# Records
== == ==

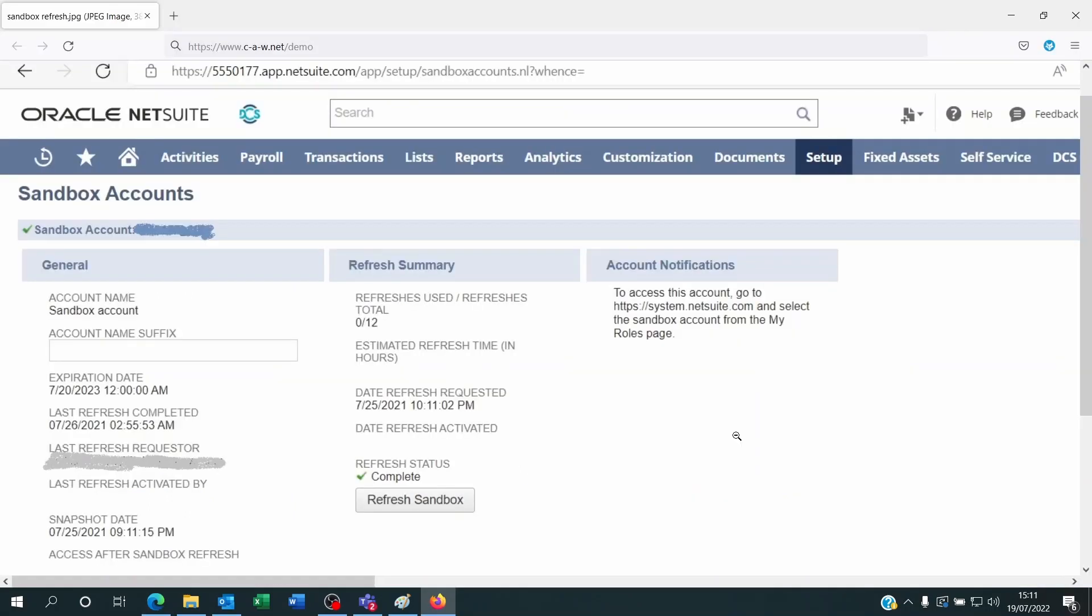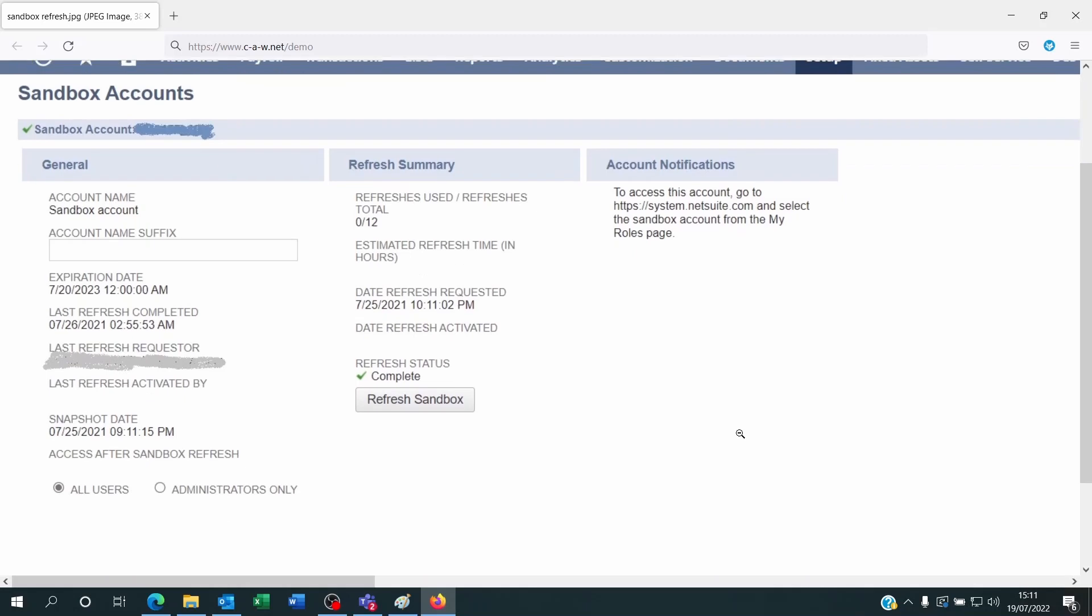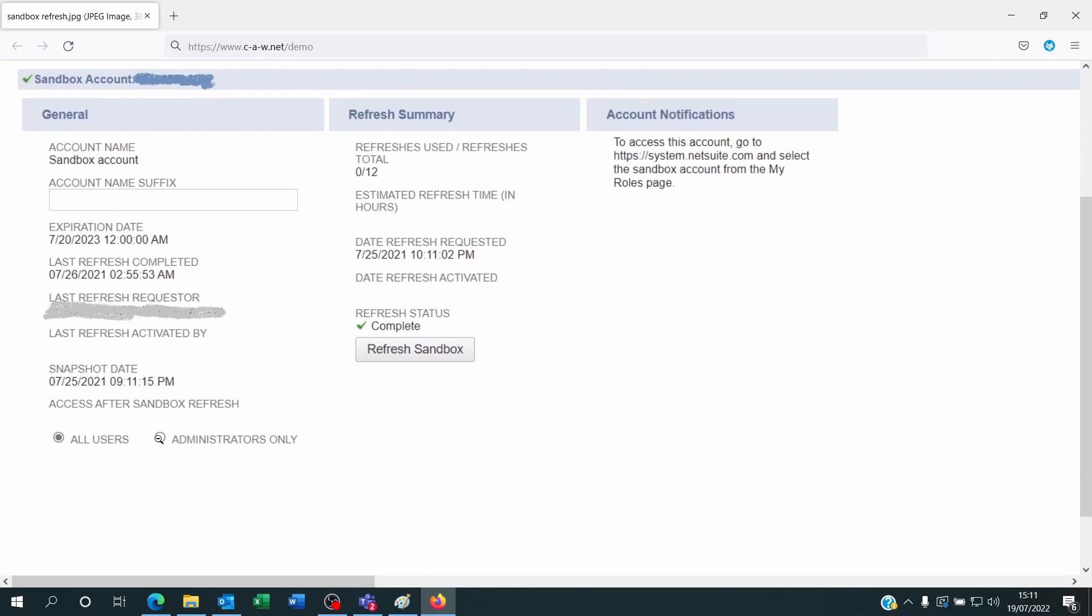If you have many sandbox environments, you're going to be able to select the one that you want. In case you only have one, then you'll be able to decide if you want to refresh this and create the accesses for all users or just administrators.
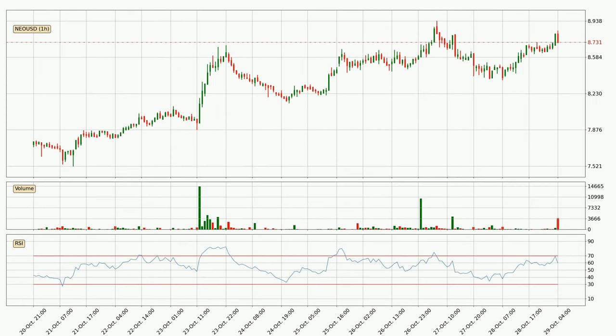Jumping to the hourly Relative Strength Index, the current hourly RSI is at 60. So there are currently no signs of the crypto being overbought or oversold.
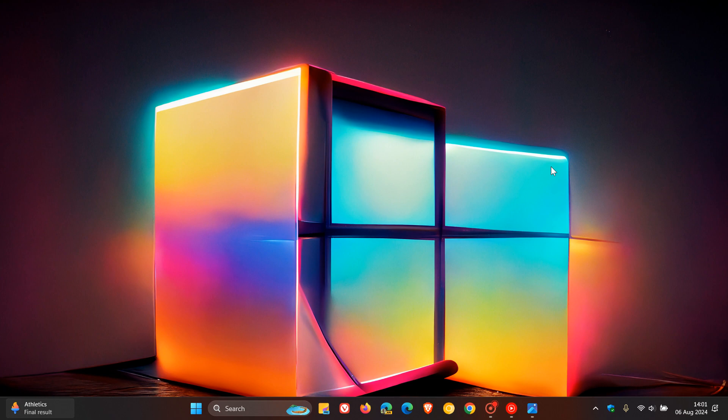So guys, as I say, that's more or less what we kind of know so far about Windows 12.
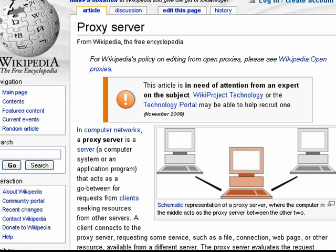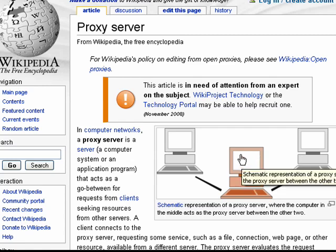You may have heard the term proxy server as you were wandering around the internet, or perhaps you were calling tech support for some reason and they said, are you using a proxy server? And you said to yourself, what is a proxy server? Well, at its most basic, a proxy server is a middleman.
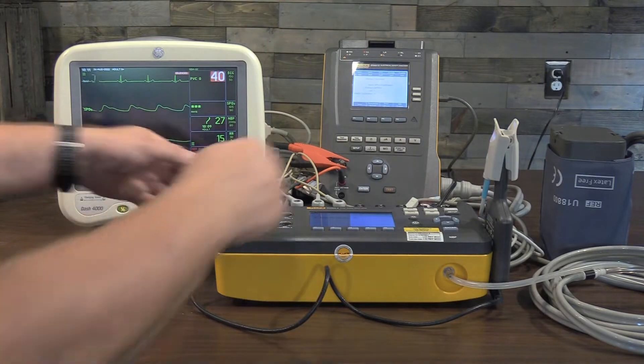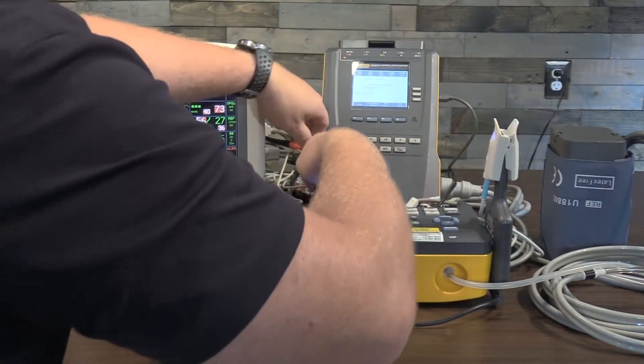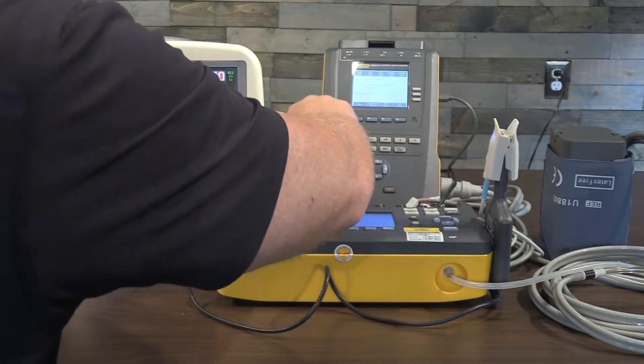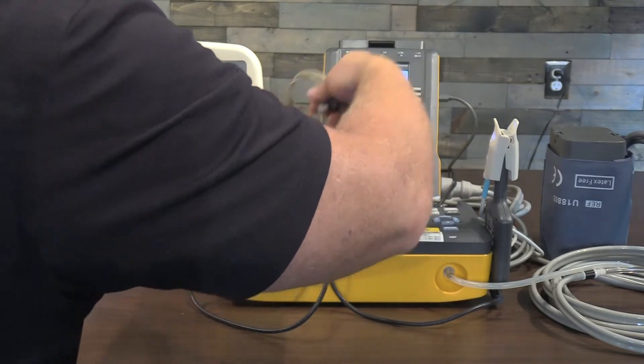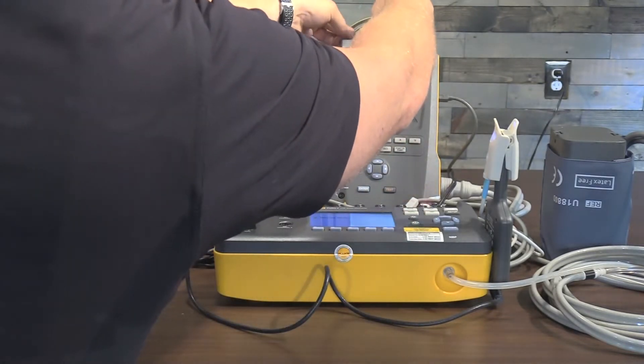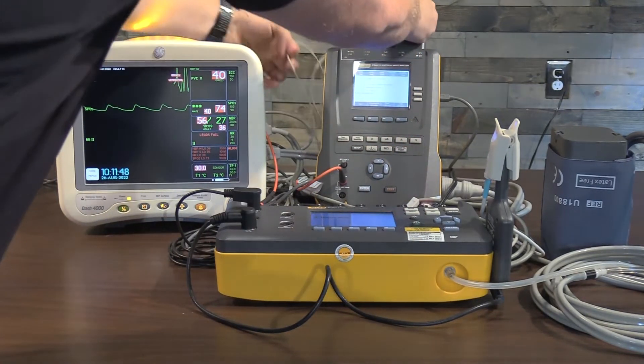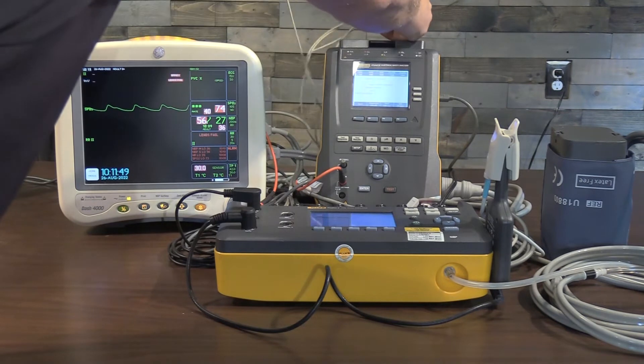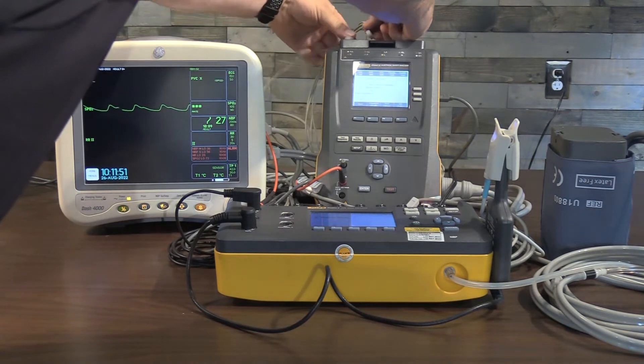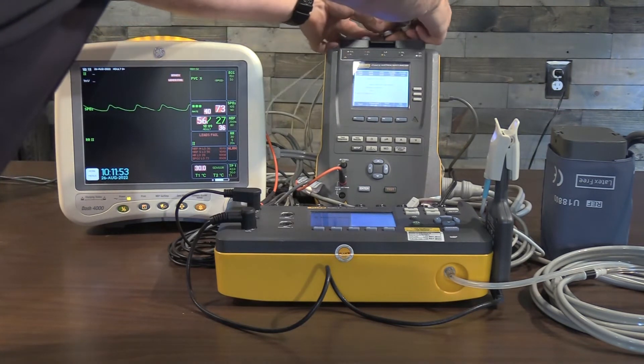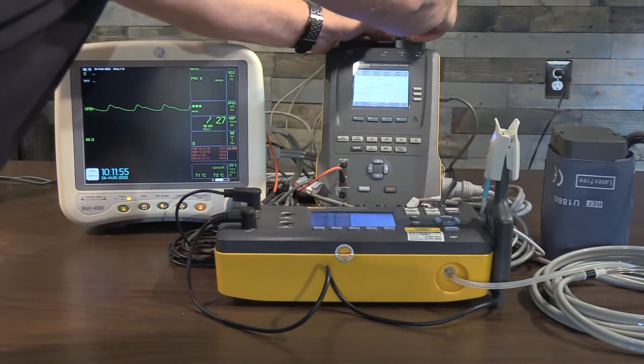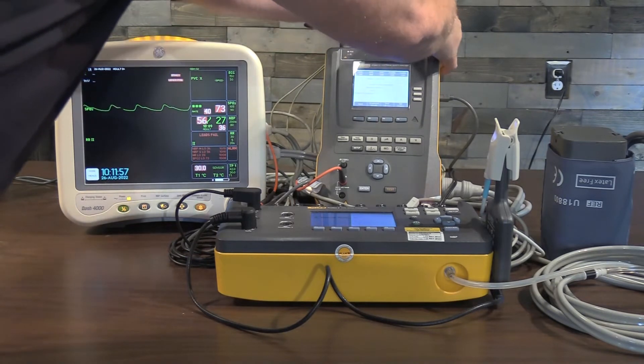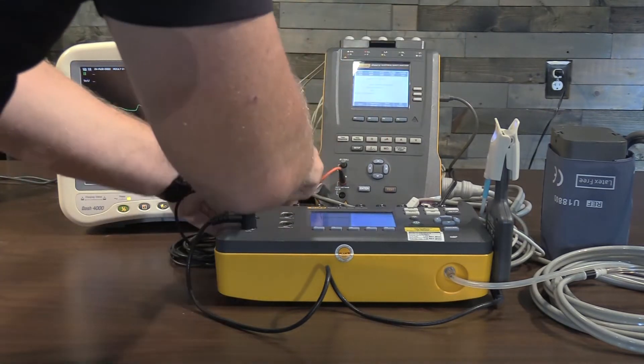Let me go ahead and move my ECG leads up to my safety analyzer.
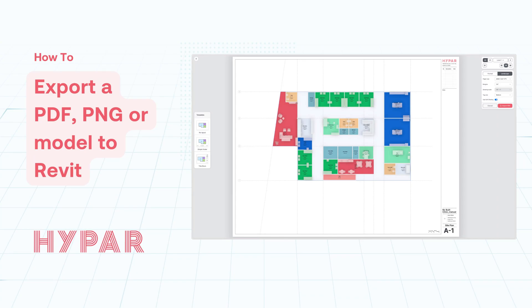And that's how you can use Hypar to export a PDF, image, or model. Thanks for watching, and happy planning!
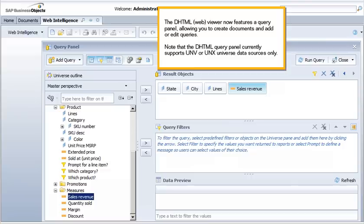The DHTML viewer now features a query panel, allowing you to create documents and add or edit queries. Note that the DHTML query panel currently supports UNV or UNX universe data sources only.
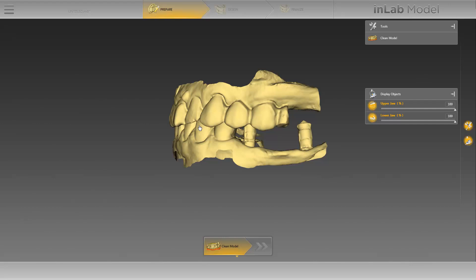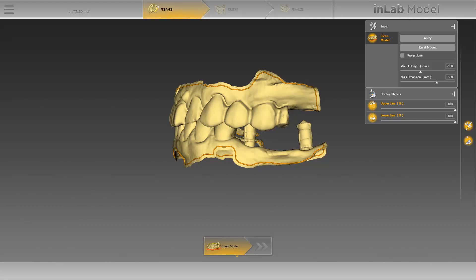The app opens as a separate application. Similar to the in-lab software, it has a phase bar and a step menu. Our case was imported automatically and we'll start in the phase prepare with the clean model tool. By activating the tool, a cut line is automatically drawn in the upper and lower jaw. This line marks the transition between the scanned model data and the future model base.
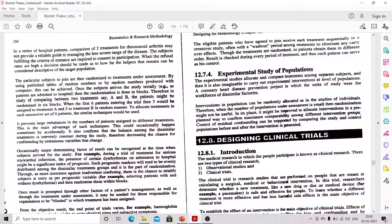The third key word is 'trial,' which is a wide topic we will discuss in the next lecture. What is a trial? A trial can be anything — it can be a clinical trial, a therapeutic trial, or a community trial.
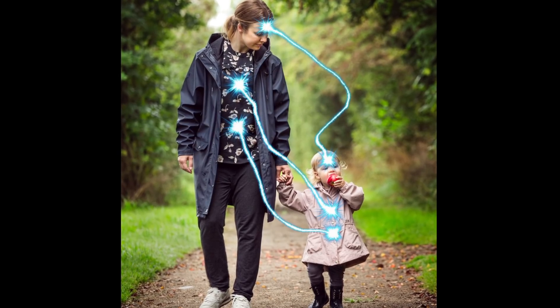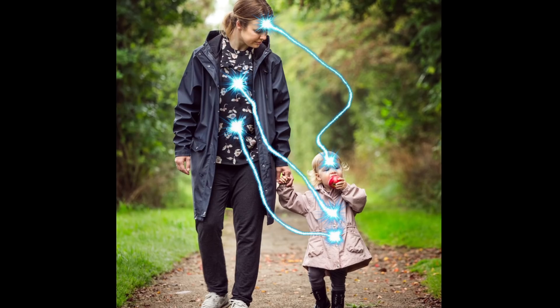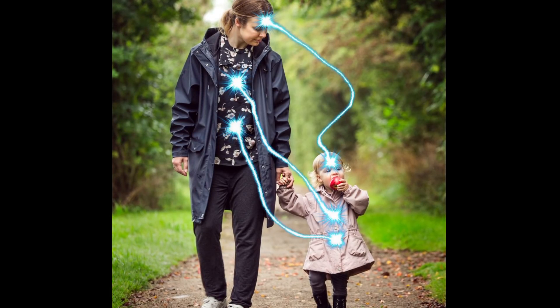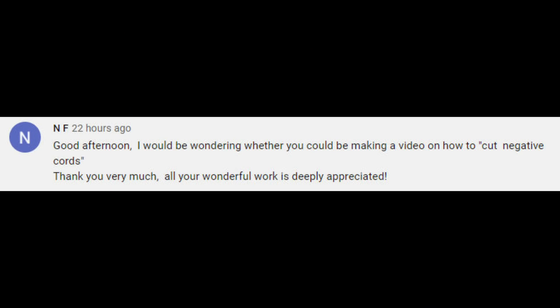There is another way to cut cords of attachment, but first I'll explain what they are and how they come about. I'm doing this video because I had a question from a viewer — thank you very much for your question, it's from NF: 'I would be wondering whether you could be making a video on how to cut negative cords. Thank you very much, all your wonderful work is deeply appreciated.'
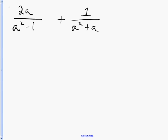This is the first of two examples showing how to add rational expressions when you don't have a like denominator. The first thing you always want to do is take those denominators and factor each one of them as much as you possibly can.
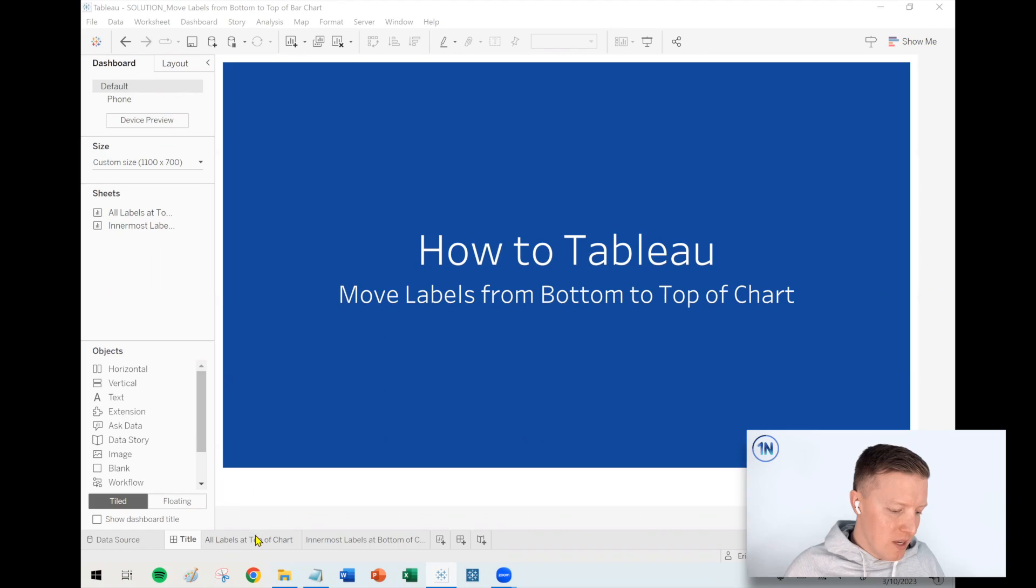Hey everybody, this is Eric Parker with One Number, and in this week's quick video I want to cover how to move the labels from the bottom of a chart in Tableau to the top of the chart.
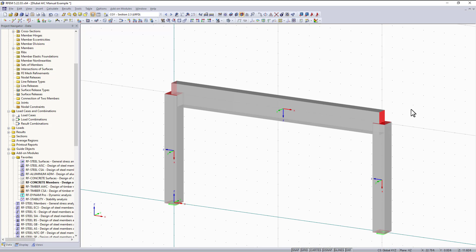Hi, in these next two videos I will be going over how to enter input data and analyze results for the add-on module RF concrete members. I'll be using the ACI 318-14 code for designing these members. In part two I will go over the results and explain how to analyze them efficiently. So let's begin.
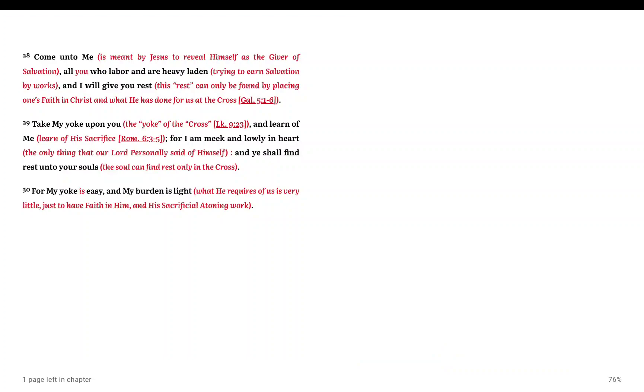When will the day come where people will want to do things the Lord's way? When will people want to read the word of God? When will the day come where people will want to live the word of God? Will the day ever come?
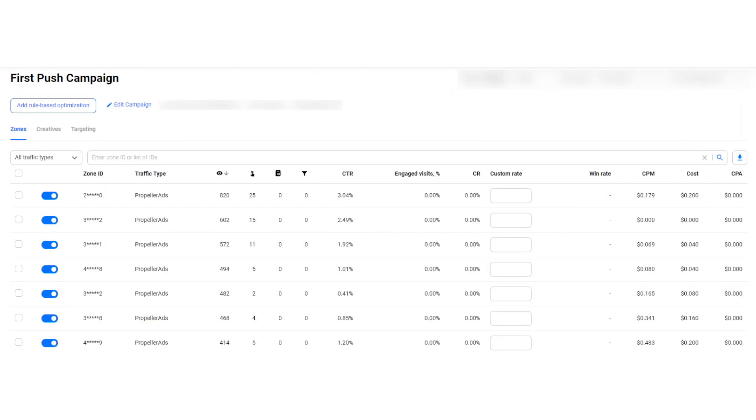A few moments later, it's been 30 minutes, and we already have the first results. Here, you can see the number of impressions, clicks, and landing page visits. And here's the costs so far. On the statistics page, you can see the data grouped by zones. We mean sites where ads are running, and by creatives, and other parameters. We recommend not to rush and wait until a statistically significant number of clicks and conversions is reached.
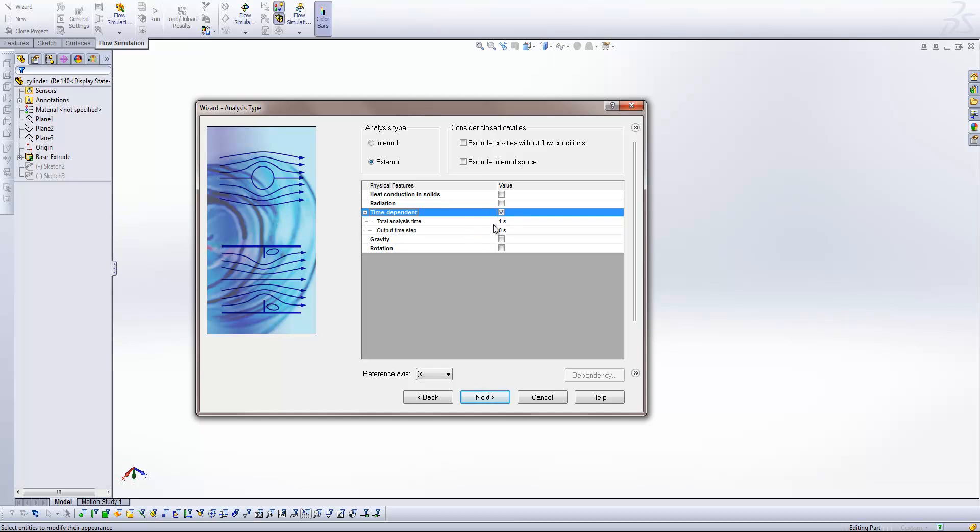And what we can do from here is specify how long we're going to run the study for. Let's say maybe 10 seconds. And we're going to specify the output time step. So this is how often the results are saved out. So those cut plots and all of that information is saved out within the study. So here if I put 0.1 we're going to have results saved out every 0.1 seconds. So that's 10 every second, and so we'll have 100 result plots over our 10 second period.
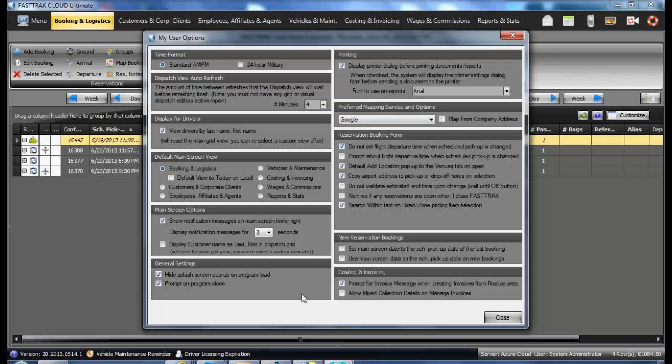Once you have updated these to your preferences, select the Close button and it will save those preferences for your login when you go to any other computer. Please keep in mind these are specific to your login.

== == ==

Reproduce these records exactly, but not the pictures.

If you have many sandbox environments, you're going to be able to select the one that you want. In case you only have one, then you'll be able to decide if you want to refresh this and create the accesses for all users or just administrators.
Jumping to the hourly Relative Strength Index, the current hourly RSI is at 60. So there are currently no signs of the crypto being overbought or oversold.
So guys, as I say, that's more or less what we kind of know so far about Windows 12.
You may have heard the term proxy server as you were wandering around the internet, or perhaps you were calling tech support for some reason and they said, are you using a proxy server? And you said to yourself, what is a proxy server? Well, at its most basic, a proxy server is a middleman.
Let me go ahead and move my ECG leads up to my safety analyzer.
And that's how you can use Hypar to export a PDF, image, or model. Thanks for watching, and happy planning!
The DHTML viewer now features a query panel, allowing you to create documents and add or edit queries. Note that the DHTML query panel currently supports UNV or UNX universe data sources only.
The app opens as a separate application. Similar to the in-lab software, it has a phase bar and a step menu. Our case was imported automatically and we'll start in the phase prepare with the clean model tool. By activating the tool, a cut line is automatically drawn in the upper and lower jaw. This line marks the transition between the scanned model data and the future model base.
The third key word is 'trial,' which is a wide topic we will discuss in the next lecture. What is a trial? A trial can be anything — it can be a clinical trial, a therapeutic trial, or a community trial.
There is another way to cut cords of attachment, but first I'll explain what they are and how they come about. I'm doing this video because I had a question from a viewer — thank you very much for your question, it's from NF: 'I would be wondering whether you could be making a video on how to cut negative cords. Thank you very much, all your wonderful work is deeply appreciated.'
This is the first of two examples showing how to add rational expressions when you don't have a like denominator. The first thing you always want to do is take those denominators and factor each one of them as much as you possibly can.
Hey everybody, this is Eric Parker with One Number, and in this week's quick video I want to cover how to move the labels from the bottom of a chart in Tableau to the top of the chart.
Hi, in these next two videos I will be going over how to enter input data and analyze results for the add-on module RF concrete members. I'll be using the ACI 318-14 code for designing these members. In part two I will go over the results and explain how to analyze them efficiently. So let's begin.
When will the day come where people will want to do things the Lord's way? When will people want to read the word of God? When will the day come where people will want to live the word of God? Will the day ever come?
A few moments later, it's been 30 minutes, and we already have the first results. Here, you can see the number of impressions, clicks, and landing page visits. And here's the costs so far. On the statistics page, you can see the data grouped by zones. We mean sites where ads are running, and by creatives, and other parameters. We recommend not to rush and wait until a statistically significant number of clicks and conversions is reached.
And what we can do from here is specify how long we're going to run the study for. Let's say maybe 10 seconds. And we're going to specify the output time step. So this is how often the results are saved out. So those cut plots and all of that information is saved out within the study. So here if I put 0.1 we're going to have results saved out every 0.1 seconds. So that's 10 every second, and so we'll have 100 result plots over our 10 second period.
Once you have updated these to your preferences, select the Close button and it will save those preferences for your login when you go to any other computer. Please keep in mind these are specific to your login.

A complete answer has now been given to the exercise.